Vol. 341 no. 6146 pp. 626-627
DOI:10.1126/science.1242671
Harrison W. Gabel, Michael E. Greenberg
Excerpt: “The authors chart out striking postnatal alterations in neuronal methylation profiles that occur as synapses develop and are refined, from the fetal to adult stage. The patterns suggest that DNA methylation is important in the maturation of neurons in the developing brain.”
My comment: I presented a poster today at the ISHE Summer Institute with the title: ‘Nutrient-dependent / pheromone-controlled adaptive evolution’ and subtitle: a mammalian model of thermodynamics and organism-level thermoregulation.
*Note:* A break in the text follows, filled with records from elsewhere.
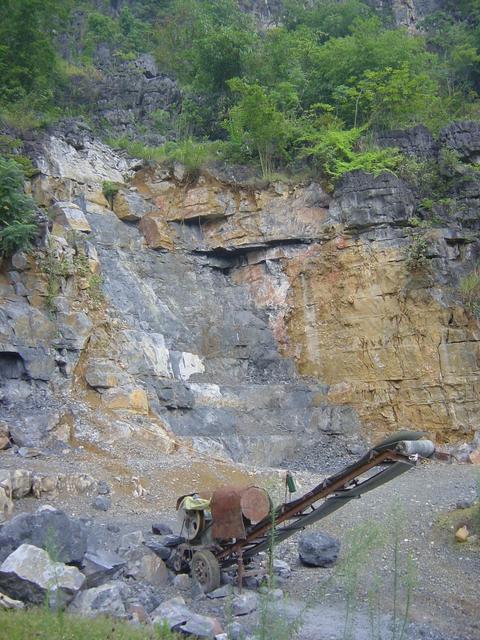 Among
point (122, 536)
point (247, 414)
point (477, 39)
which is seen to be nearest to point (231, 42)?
point (477, 39)

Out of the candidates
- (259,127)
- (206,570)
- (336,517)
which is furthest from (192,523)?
(259,127)

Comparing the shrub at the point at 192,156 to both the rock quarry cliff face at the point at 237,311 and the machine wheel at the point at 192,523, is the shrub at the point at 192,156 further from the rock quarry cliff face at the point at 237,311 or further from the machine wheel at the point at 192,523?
the machine wheel at the point at 192,523

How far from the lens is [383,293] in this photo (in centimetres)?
1862

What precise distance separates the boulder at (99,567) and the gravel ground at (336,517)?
2.13 feet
I included examples of nutrient-dependent ecological niche construction and pheromone-controlled social niche construction that lead to neurogenic niche construction (e.g., in nematodes) and to socio-cognitive niche construction in invertebrates (e.g., the honeybee) and vertebrates including mammals.
A mouse model of a single amino acid substitution with effects on observable phenotypic traits that enable selection for reproductive fitness, links epigenetic effects of nutrient uptake during the past ~30,000 years to selection for socio-cognitive niche construction in the human brain via the conserved molecular mechanisms across species that enable adaptive evolution of the brain and behavior via pheromone-controlled reproduction.
In accord with Lister et al., it appears that the epigenetic effects of glucose and of pheromones on the gonadotropin releasing hormone (GnRH) neuronal system, allow the pulses of GnRH to integrate information provided by complex feedback mechanisms that alter the GnRH pulse and everything downstream from GnRH secretion throughout the life of all vertebrates (sans mutations). Thus, adaptive evolution is nutrient-dependent and pheromone-controlled across all species and mutations can now be looked at more clearly in the context of disease, not mutation-driven evolution.